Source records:
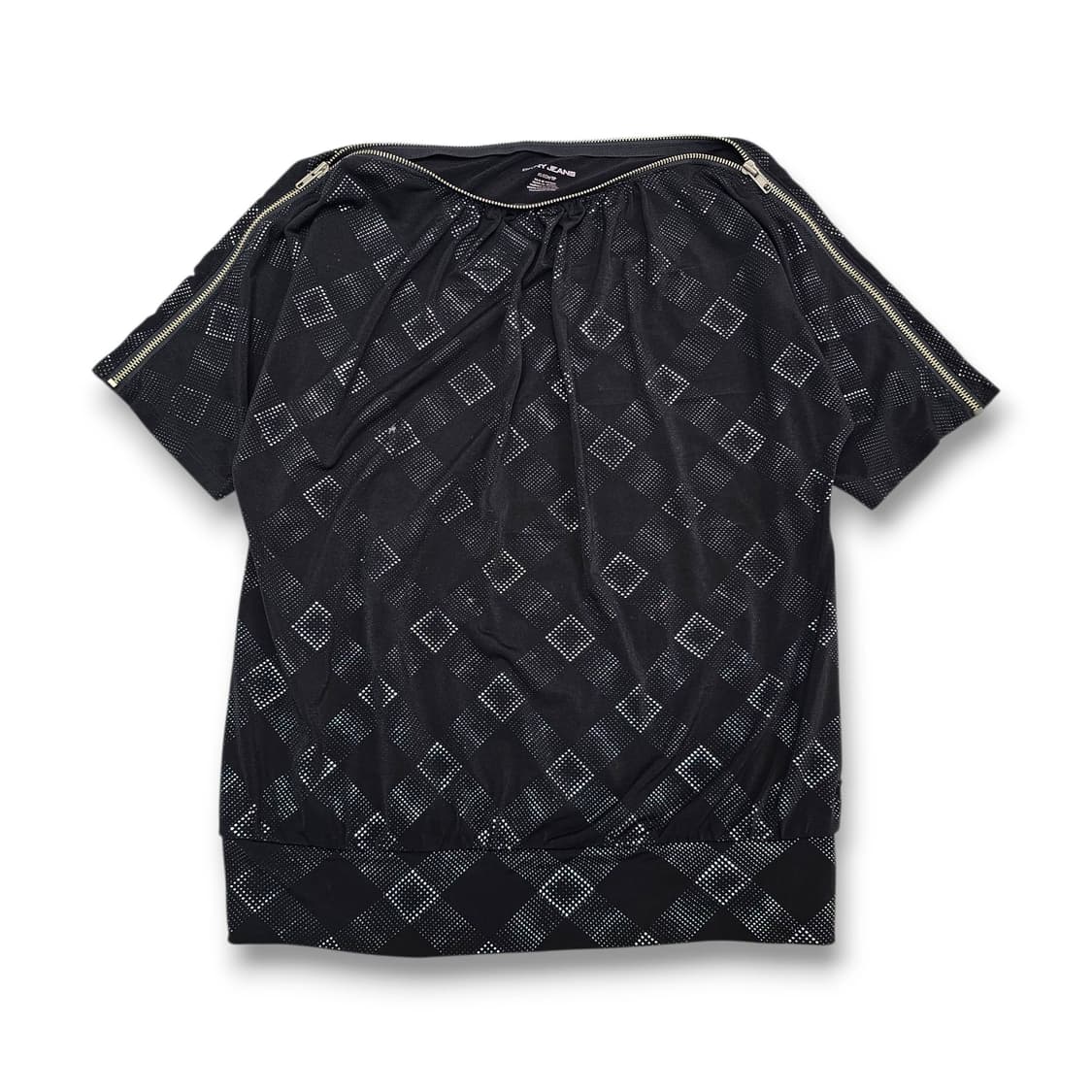 XS DKNY 지퍼 반팔 티셔츠 상품이미지3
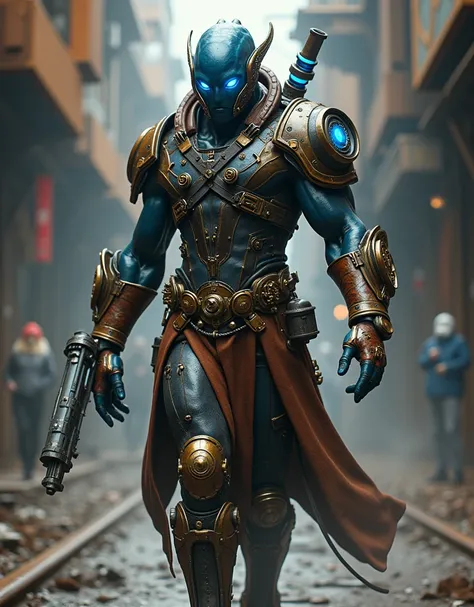 A tall, muscular humanoid alien  glowing blue eyes, clad in sleek steampunk armor. His outfit fuses brown leather and cobalt-blue metal plates with brass gears and glowing blue energy tubes. Equipped with mechanical gauntlets and steam-powered boosters, he...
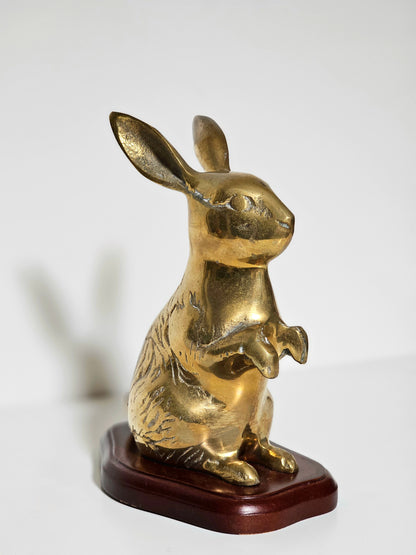 Brass Rabbit Bookend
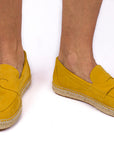 Alpargatas mocasín piel limón para hombre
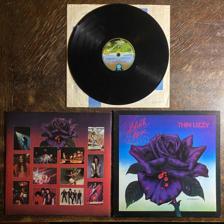 Tumnagel för auktion "THIN LIZZY - Black Rose 1979. UK press! Originalinner! GARY MOORE Prog-rock. LP"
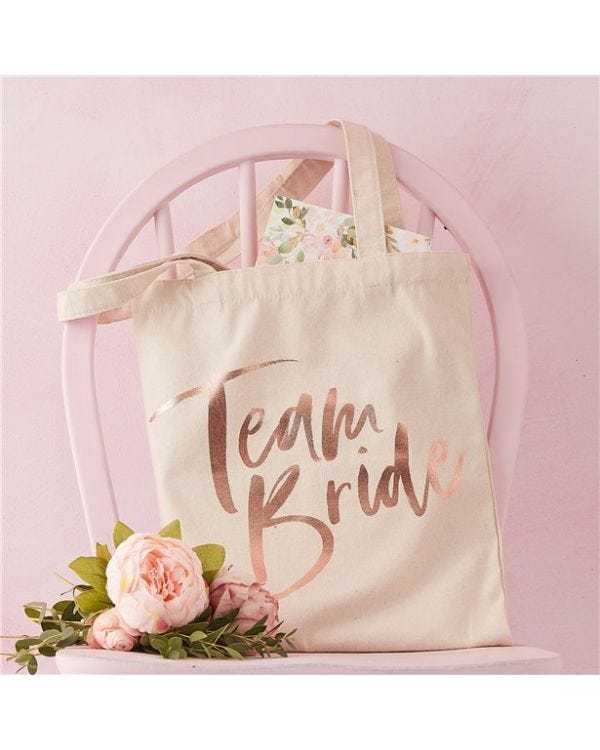 Floral Hen Party &#039;Team Bride&#039; Tote Bag -31cm x 67cm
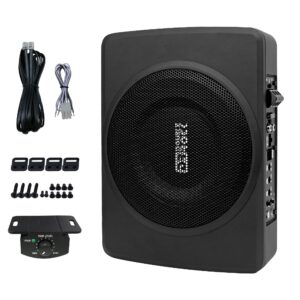 DR DOUBLE ROCK CB08 8 inch Slim Under Seat Car Subwoofer Car Audio Powered 600 Watts Car Truck Audio Sub Built in Amplifier Active Slim Subwoofer New Upgraded with Black Aluminum and Green LED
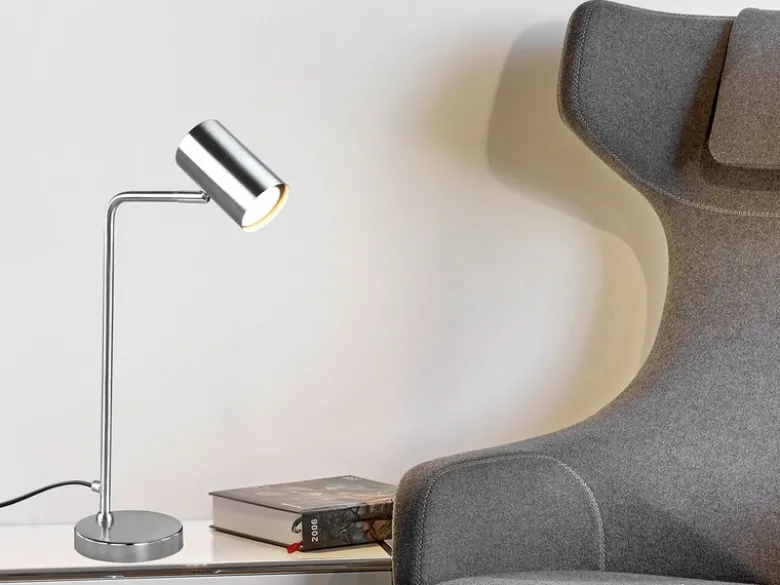 Schreibtischlampe MARLEY in Silber matt, Spot schwenkbar, Höhe 45cm
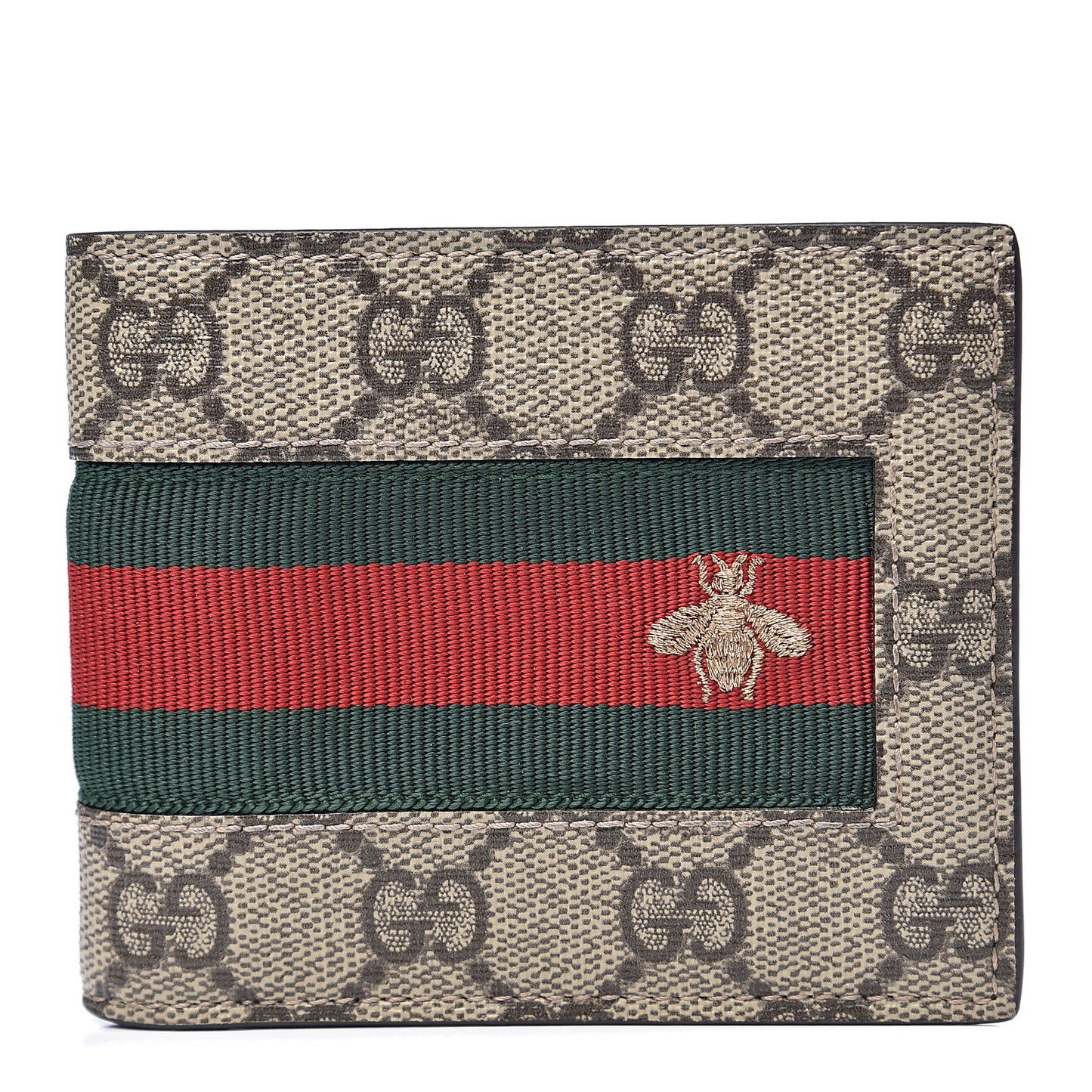GG Supreme Monogram Selleria Calfskin Web Bee Embroidered New Web Bi-Fold Wallet Beige Ebony Cocoa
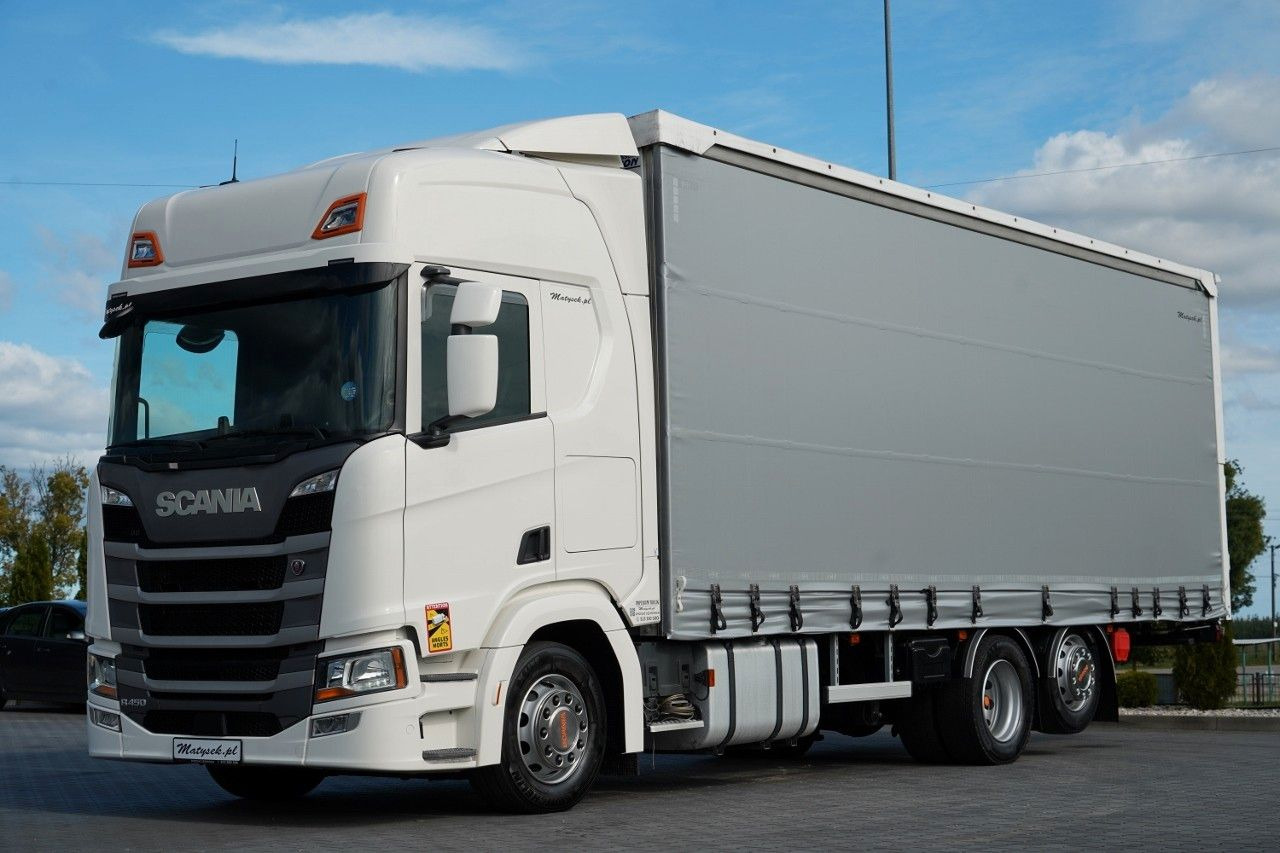 Scania R 450 / MEGA / 6x2 / FIRANKA - 8,2 m / SOLÓWKA / - Kravas automašīna ar tentu: foto 1 Scania R 450 / MEGA / 6x2 / FIRANKA - 8,2 m / SOLÓWKA / - Kravas automašīna ar tentu: foto 1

[YOUR GOAL] Copy each line of the records precisely and drop any images they hold.

[EXERCISE ANSWER]
 XS DKNY 지퍼 반팔 티셔츠 상품이미지3
 A tall, muscular humanoid alien  glowing blue eyes, clad in sleek steampunk armor. His outfit fuses brown leather and cobalt-blue metal plates with brass gears and glowing blue energy tubes. Equipped with mechanical gauntlets and steam-powered boosters, he...
 Brass Rabbit Bookend
 Alpargatas mocasín piel limón para hombre
 Tumnagel för auktion "THIN LIZZY - Black Rose 1979. UK press! Originalinner! GARY MOORE Prog-rock. LP"
 Floral Hen Party &#039;Team Bride&#039; Tote Bag -31cm x 67cm
 DR DOUBLE ROCK CB08 8 inch Slim Under Seat Car Subwoofer Car Audio Powered 600 Watts Car Truck Audio Sub Built in Amplifier Active Slim Subwoofer New Upgraded with Black Aluminum and Green LED
 Schreibtischlampe MARLEY in Silber matt, Spot schwenkbar, Höhe 45cm
GG Supreme Monogram Selleria Calfskin Web Bee Embroidered New Web Bi-Fold Wallet Beige Ebony Cocoa
 Scania R 450 / MEGA / 6x2 / FIRANKA - 8,2 m / SOLÓWKA / - Kravas automašīna ar tentu: foto 1 Scania R 450 / MEGA / 6x2 / FIRANKA - 8,2 m / SOLÓWKA / - Kravas automašīna ar tentu: foto 1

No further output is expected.